■ Assigned task: Repeat verbatim each line from the line with "Máy thái lát rau củ quả robot coupe R402" to the end of the entries. Pictures do not belong in the copy.

■ Records to process:
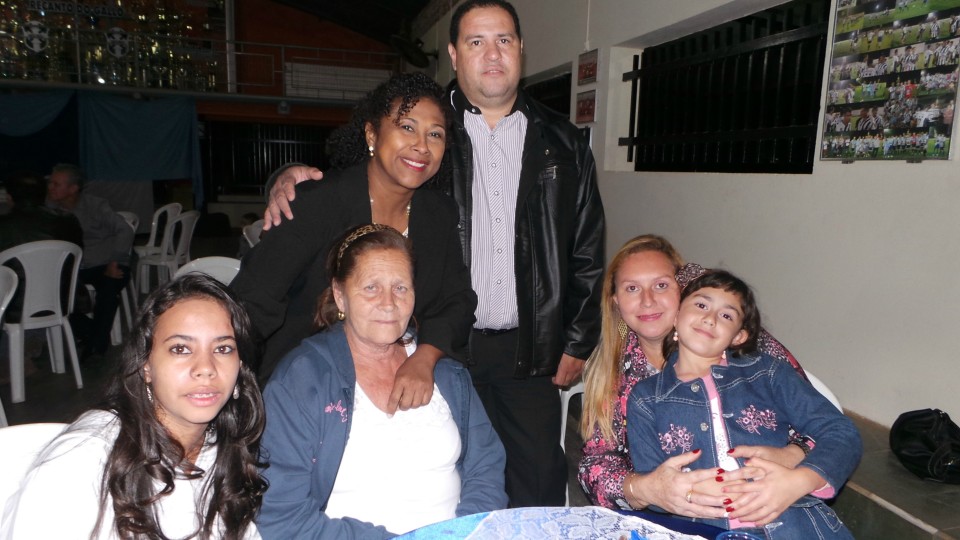 Cláudia comemora 50 anos com festa no Recanto do Galo Cláudia comemora 50 anos com festa no Recanto do Galo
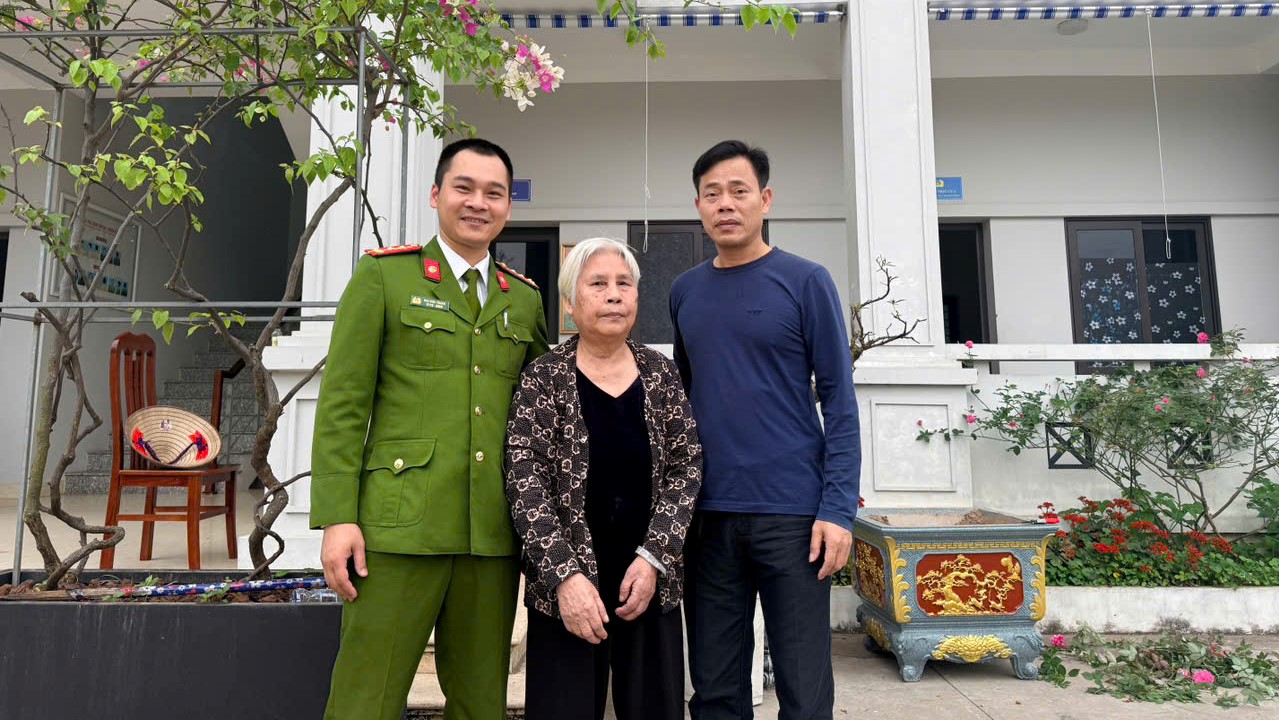 Công an xã Ái Quốc hỗ trợ đưa cụ bà đi lạc về với gia đình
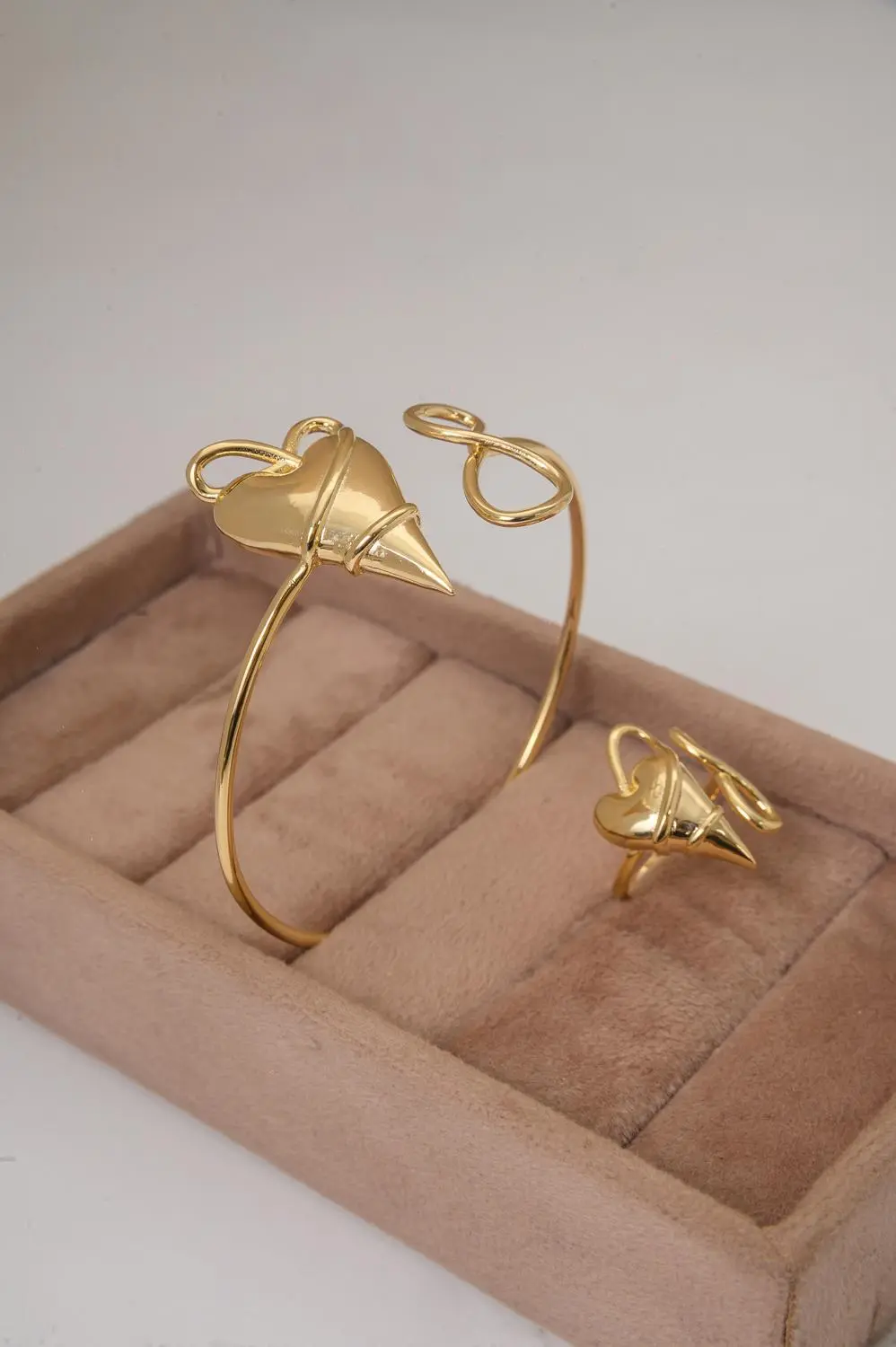 Bracelete Coração Encontro com Banho em Ouro 18k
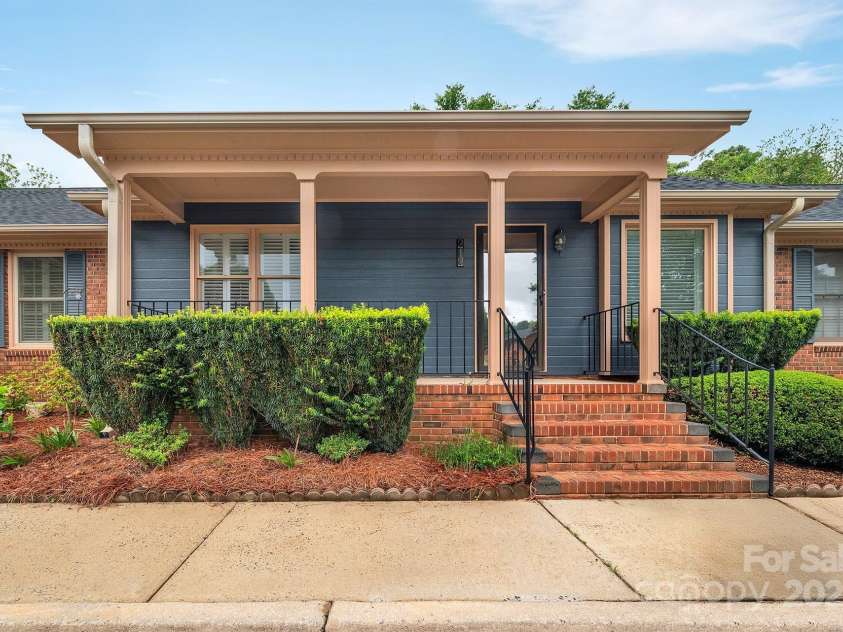 212 Pointe Circle, Rock Hill, SC 29732.  MLS# CAR4253180, YatesRealty ID 12386. Front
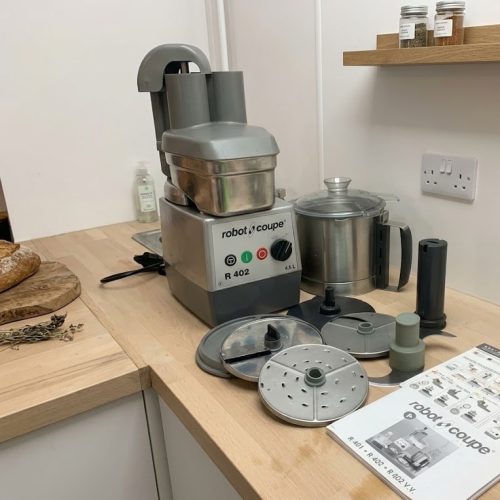 Máy thái lát rau củ quả robot coupe R402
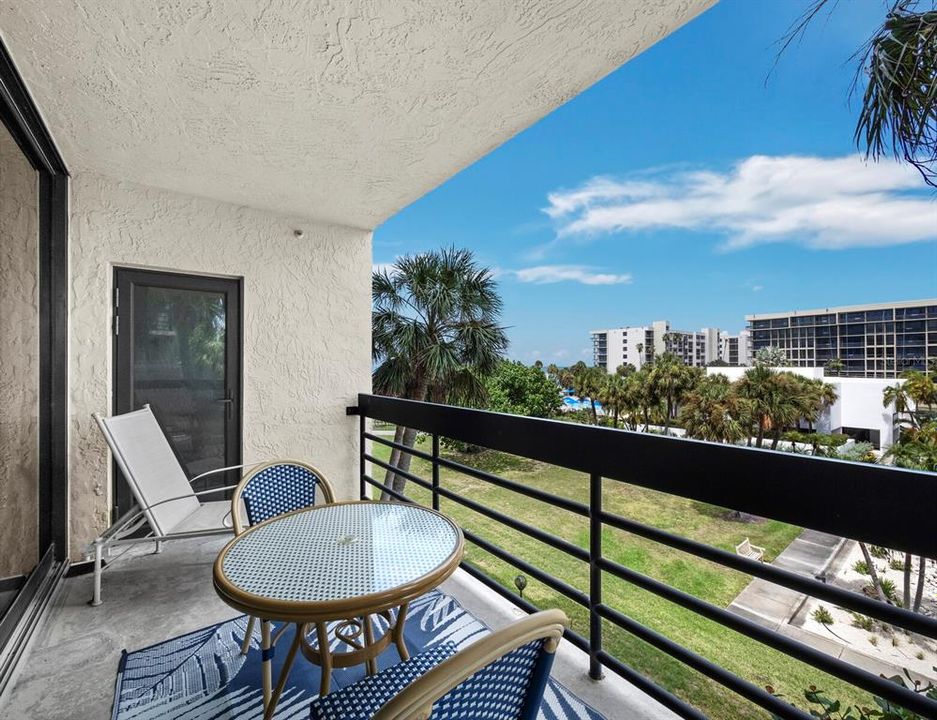 En Venta: $1,099,000 (3 camas, 2 baños, 1819 Pies cuadrados)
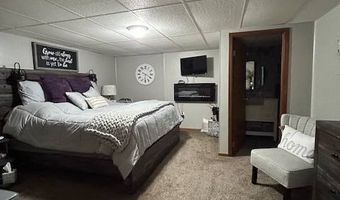221 1st E St, Bottineau, ND 58318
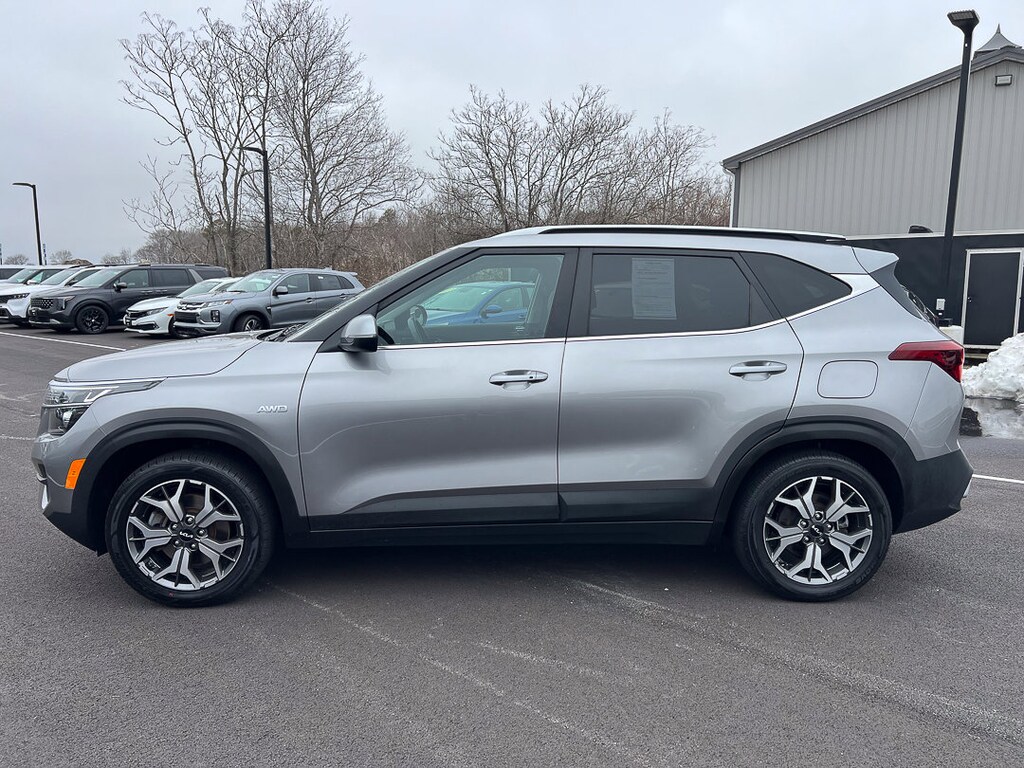 Used 2022 Kia Seltos EX SUV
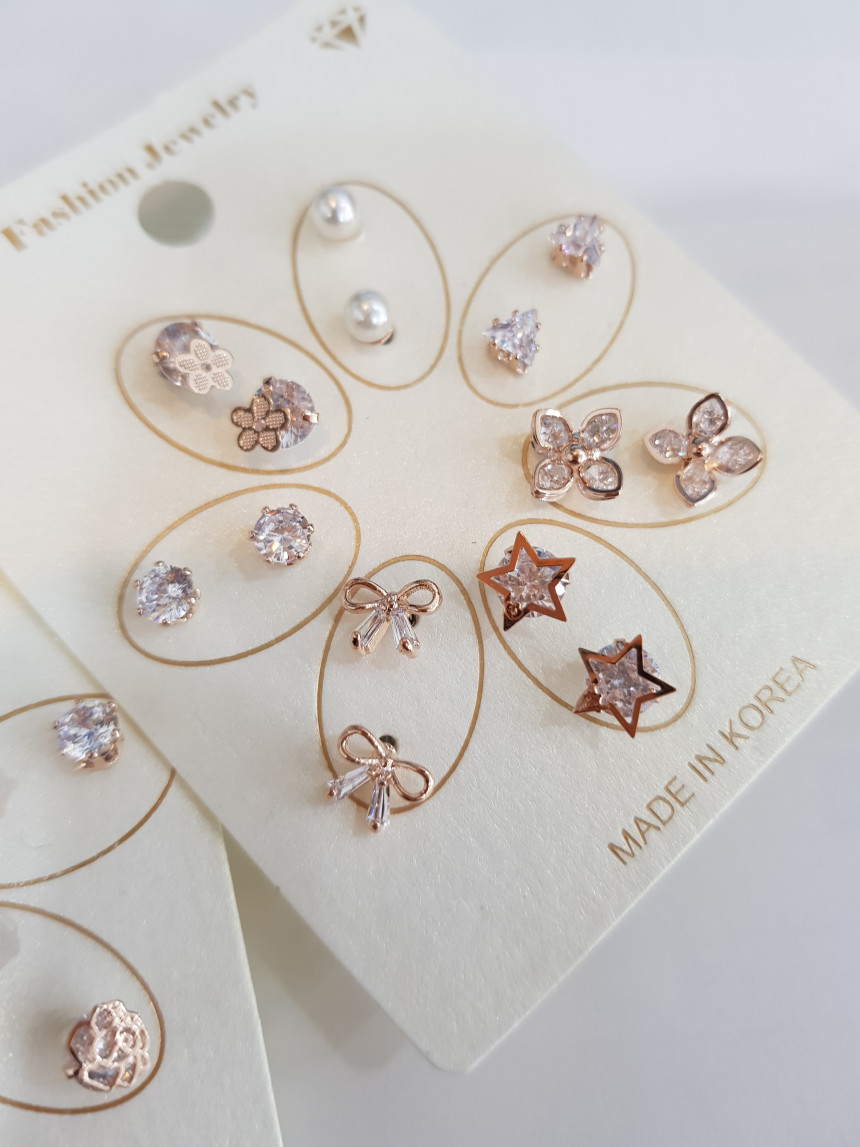 <b><p>Titanium needle 12 species 6 sets elaborate</p></b><b><p>チタン針 12種 6セット 洗練された 私マージン イヤリング カジュアルな 少女の感性</p></b><br /><br /><p align='center'>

■ Solution for this task:
 Máy thái lát rau củ quả robot coupe R402
 En Venta: $1,099,000 (3 camas, 2 baños, 1819 Pies cuadrados)
221 1st E St, Bottineau, ND 58318
 Used 2022 Kia Seltos EX SUV
 <b><p>Titanium needle 12 species 6 sets elaborate</p></b><b><p>チタン針 12種 6セット 洗練された 私マージン イヤリング カジュアルな 少女の感性</p></b><br /><br /><p align='center'>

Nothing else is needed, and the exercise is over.